= Beginning of Section =

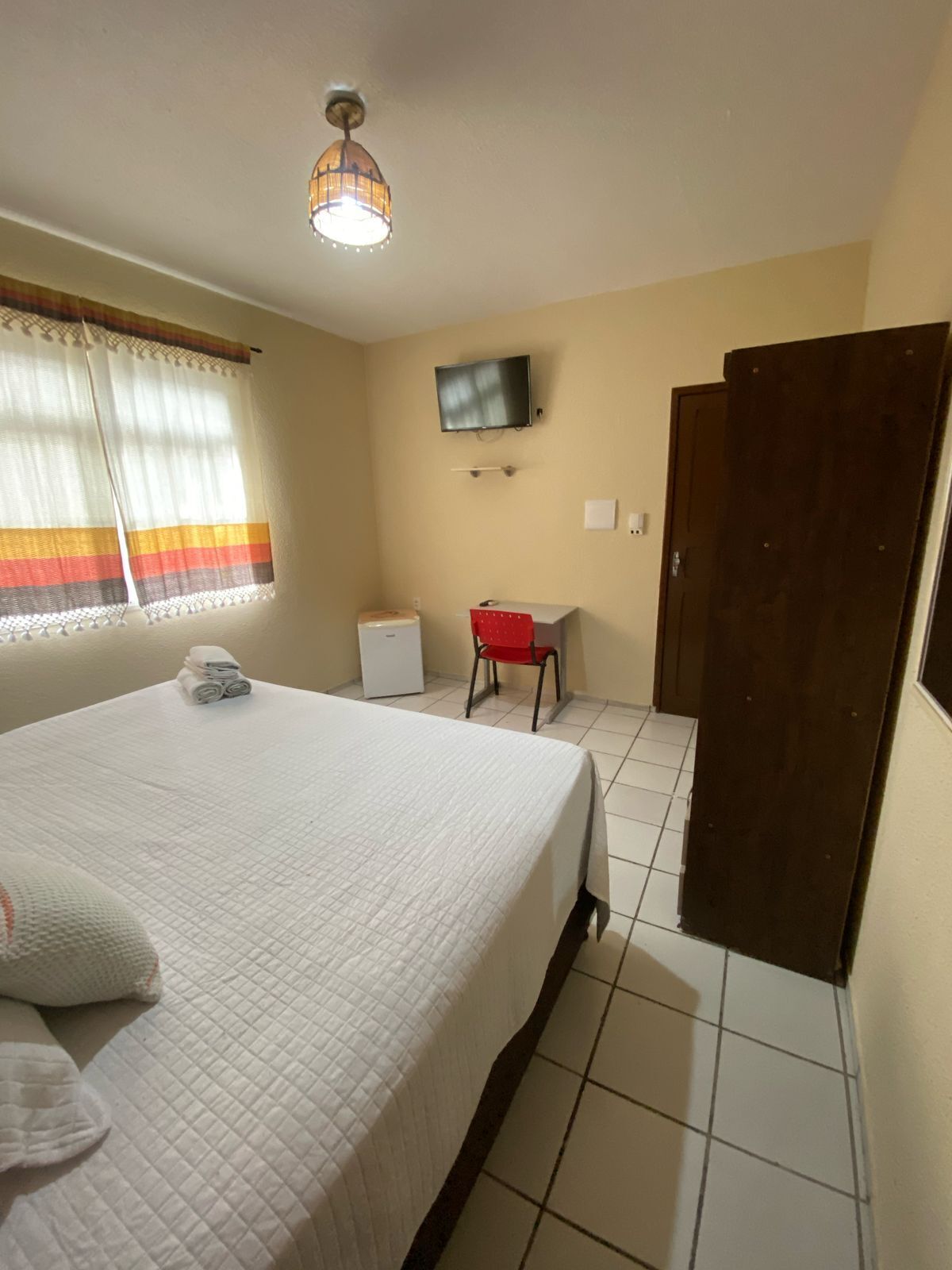 Une chambre d’hôtel équipée d’un lit, d’un bureau, d’une télévision et d’une armoire.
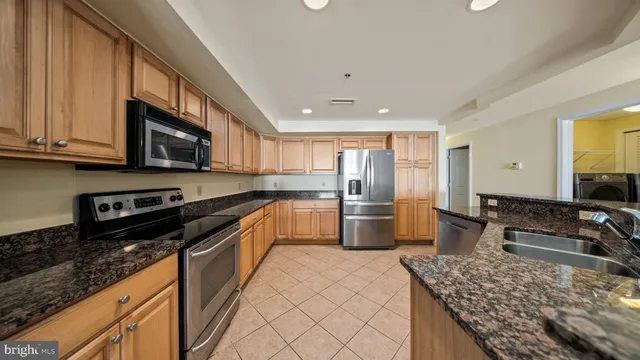 a kitchen with stainless steel appliances granite countertop a sink and cabinets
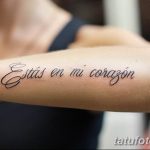 Фото тату надписи на испанском языке на руке. Фраза 'Estás en mi corazón' выполнена красивым каллиграфическим шрифтом черными чернилами.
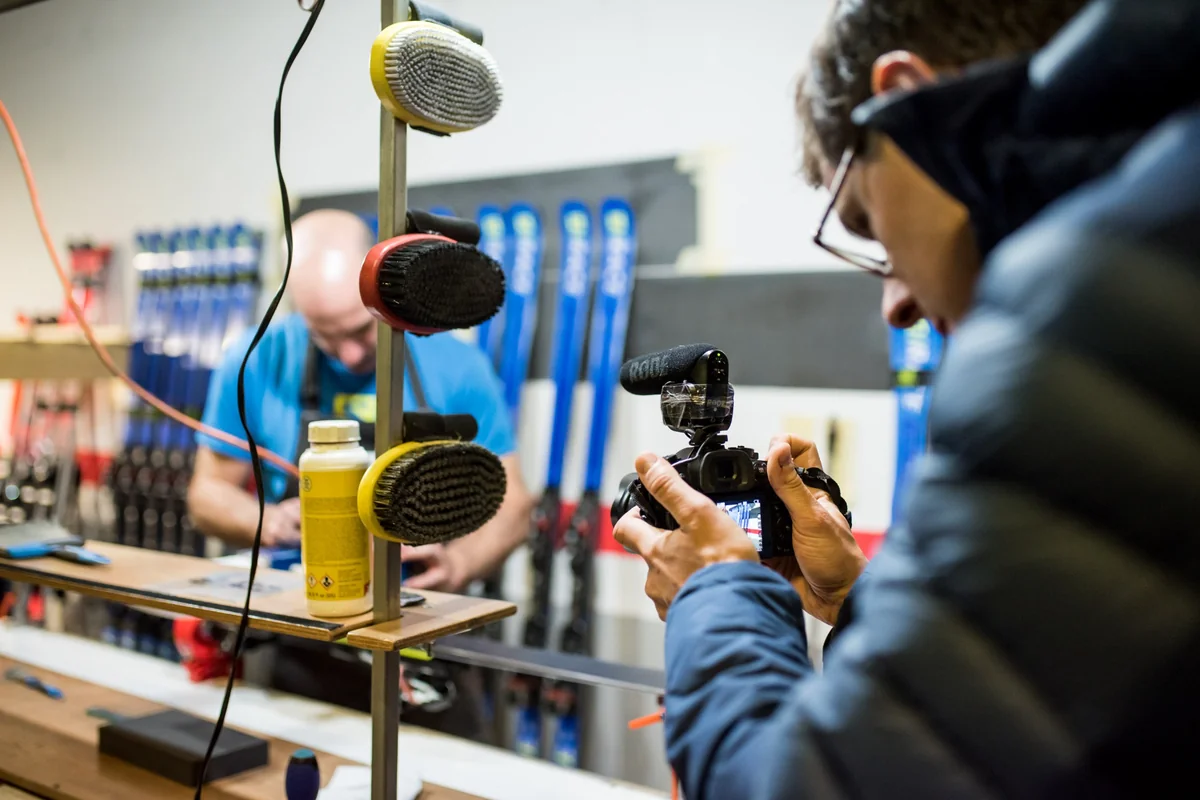 Technicien préparant une paire de skis dans un atelier Salomon, affûtage et fartage en gros plan.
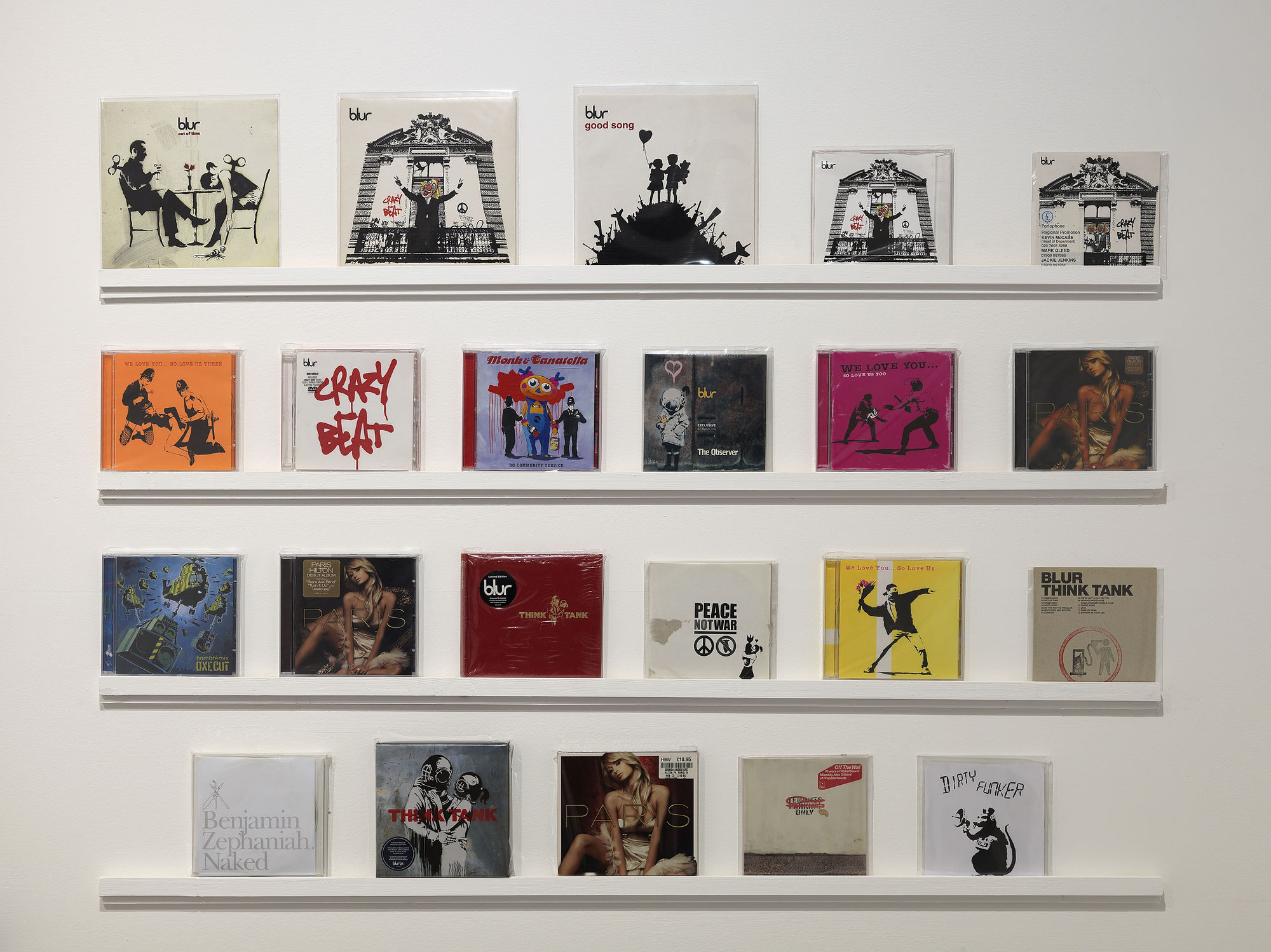 Banksy artworks hanging on wall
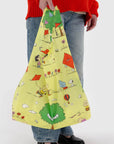 A yellow nylon reusable bag with a Charlie Brown kite eating tree print.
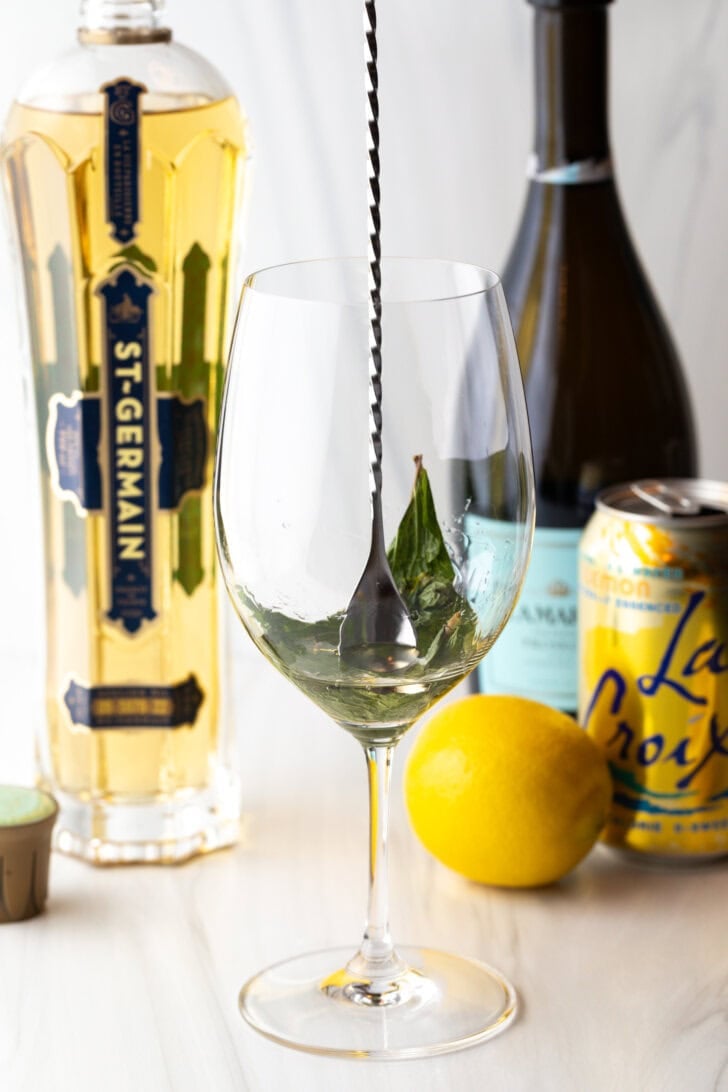 Wine glass with mint leaves being muddled with a metal spoon.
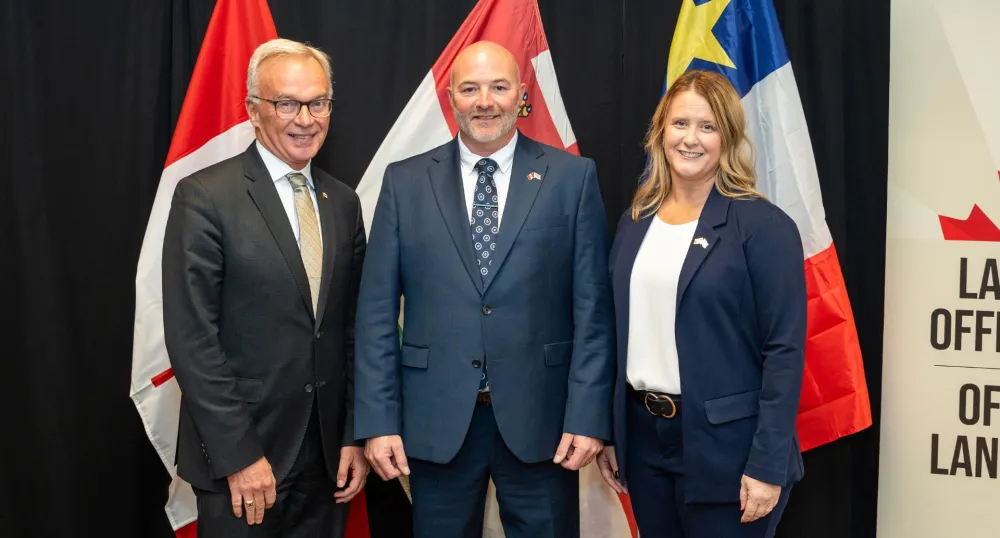 Trois personnes se tiennent devant des drapeaux.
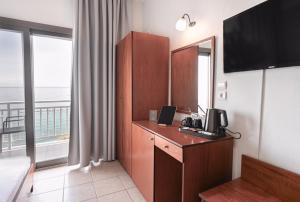 a hotel room with a desk with a television and a balcony at Anesis in Platamonas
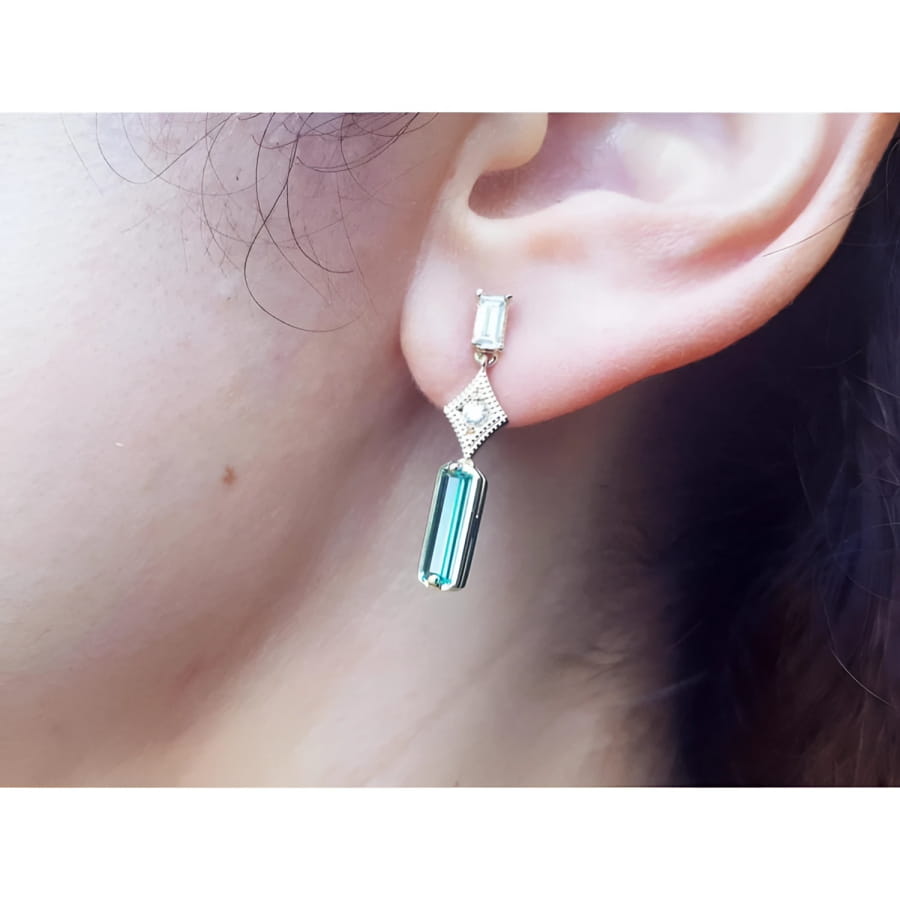 1.05 carat natural baguette cut emerald drop earrings in 14K gold, worn on an ear.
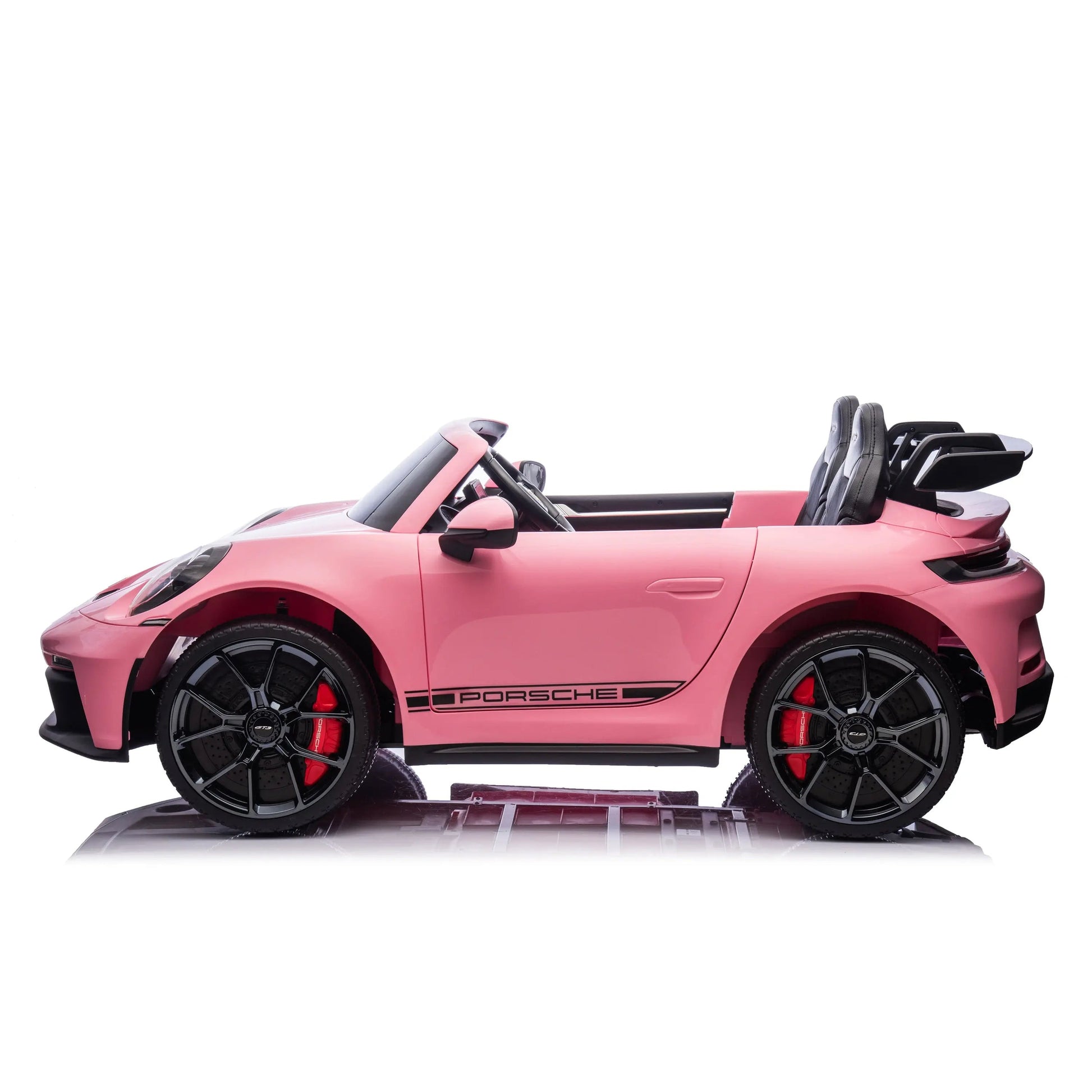 The Freddo 24V Porsche 911 GT3 Pink 2 Seater Ride-On features a stylish pink convertible design with black wheels and red brake calipers, displayed in profile against a white background. This kids’ electric car offers an exciting two-seater experience modeled after the iconic Porsche 911 GT3.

= End of Section =

Your reply should give again exactly the lines from the one with "Wine glass with" through the last line of the data, with both ends included and pictures left out.

• YOUR RESPONSE:
 Wine glass with mint leaves being muddled with a metal spoon.
 Trois personnes se tiennent devant des drapeaux.
 a hotel room with a desk with a television and a balcony at Anesis in Platamonas
 1.05 carat natural baguette cut emerald drop earrings in 14K gold, worn on an ear.
 The Freddo 24V Porsche 911 GT3 Pink 2 Seater Ride-On features a stylish pink convertible design with black wheels and red brake calipers, displayed in profile against a white background. This kids’ electric car offers an exciting two-seater experience modeled after the iconic Porsche 911 GT3.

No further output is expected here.